Supplied entries:
▼▼▼

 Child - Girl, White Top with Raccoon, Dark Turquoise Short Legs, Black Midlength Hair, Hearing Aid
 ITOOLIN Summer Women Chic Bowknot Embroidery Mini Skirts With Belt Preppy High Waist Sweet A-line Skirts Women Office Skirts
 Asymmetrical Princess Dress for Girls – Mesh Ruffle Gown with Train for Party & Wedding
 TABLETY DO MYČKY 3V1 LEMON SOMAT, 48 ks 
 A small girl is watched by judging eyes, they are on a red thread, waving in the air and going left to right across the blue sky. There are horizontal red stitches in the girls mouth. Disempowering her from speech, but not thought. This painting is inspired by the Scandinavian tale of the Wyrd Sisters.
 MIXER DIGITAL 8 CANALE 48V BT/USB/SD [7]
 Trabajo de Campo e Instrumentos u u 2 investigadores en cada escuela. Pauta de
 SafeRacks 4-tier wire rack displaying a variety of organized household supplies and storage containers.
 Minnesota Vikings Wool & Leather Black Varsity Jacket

▲▲▲
▼▼▼

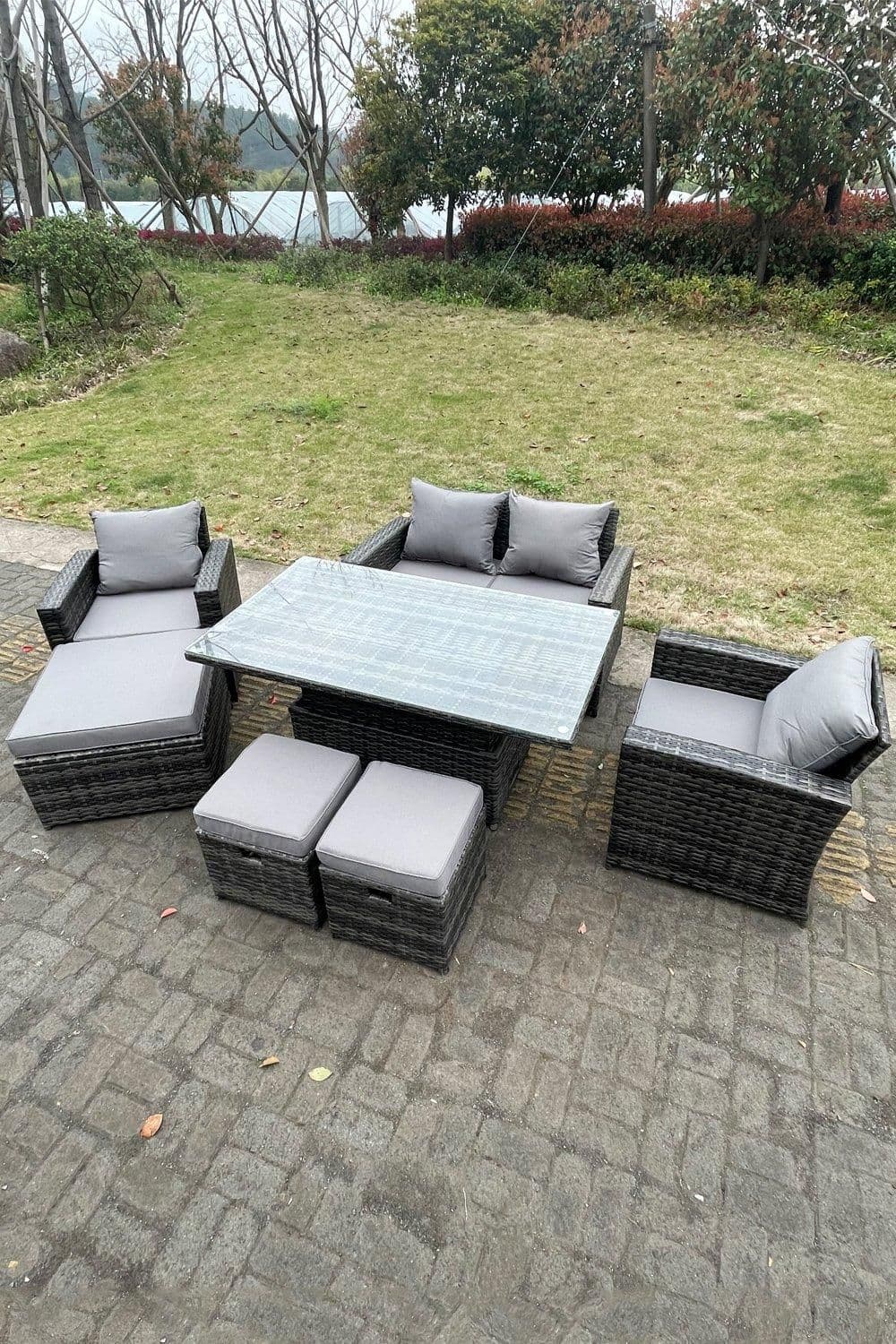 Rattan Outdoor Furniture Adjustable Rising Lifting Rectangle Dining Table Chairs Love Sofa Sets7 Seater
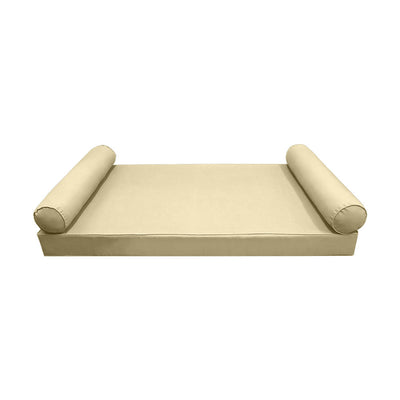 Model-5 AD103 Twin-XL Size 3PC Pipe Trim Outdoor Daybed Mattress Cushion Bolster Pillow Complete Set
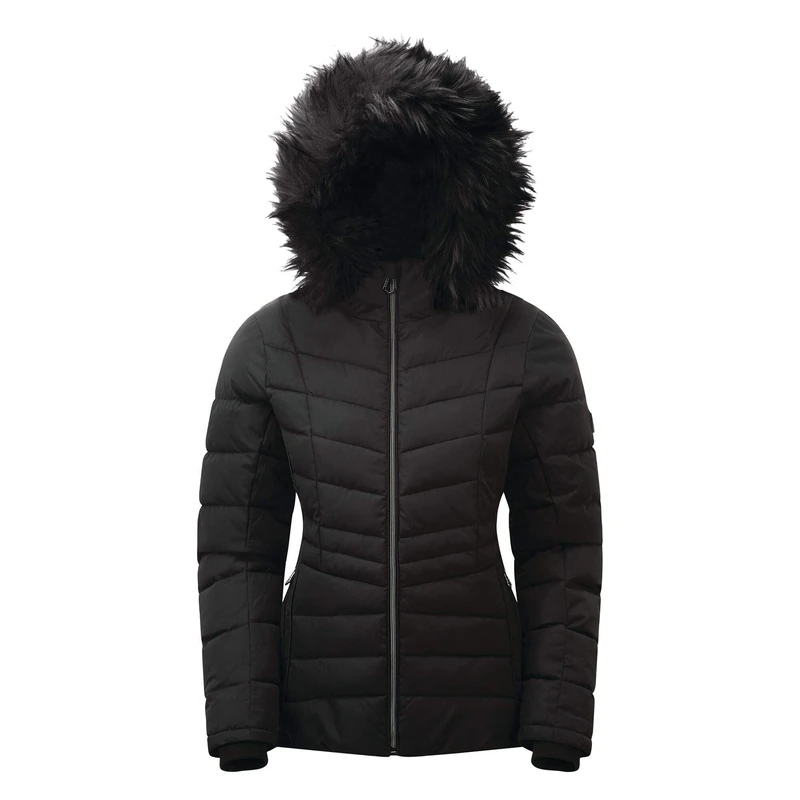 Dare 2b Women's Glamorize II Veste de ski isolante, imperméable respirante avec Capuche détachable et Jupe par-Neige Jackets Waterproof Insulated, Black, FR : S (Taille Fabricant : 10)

▲▲▲
▼▼▼

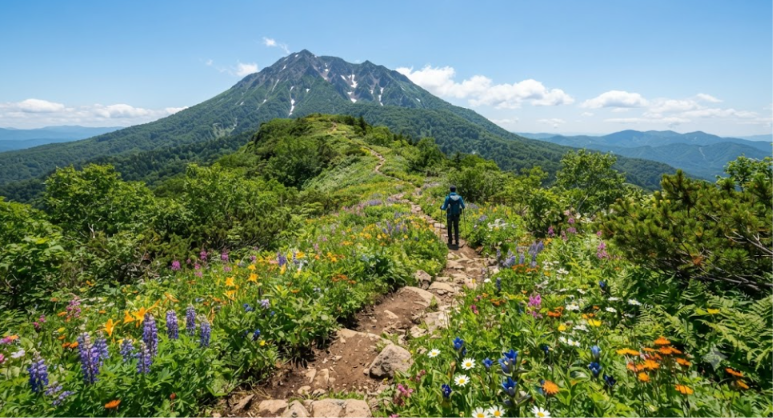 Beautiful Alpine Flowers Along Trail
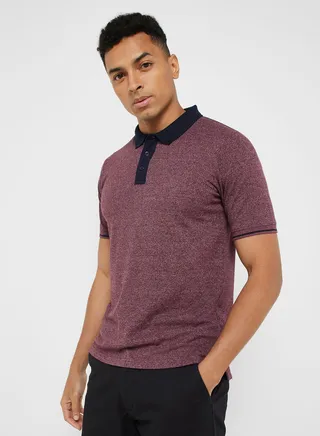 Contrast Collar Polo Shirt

▲▲▲

Exercise prompt: Extract from the material above the stretch running from the line containing "Beautiful Alpine Flowers Along Trail" through the line containing "Contrast Collar Polo Shirt". Keep the text exact and the pictures out.

Task solution:
 Beautiful Alpine Flowers Along Trail
 Contrast Collar Polo Shirt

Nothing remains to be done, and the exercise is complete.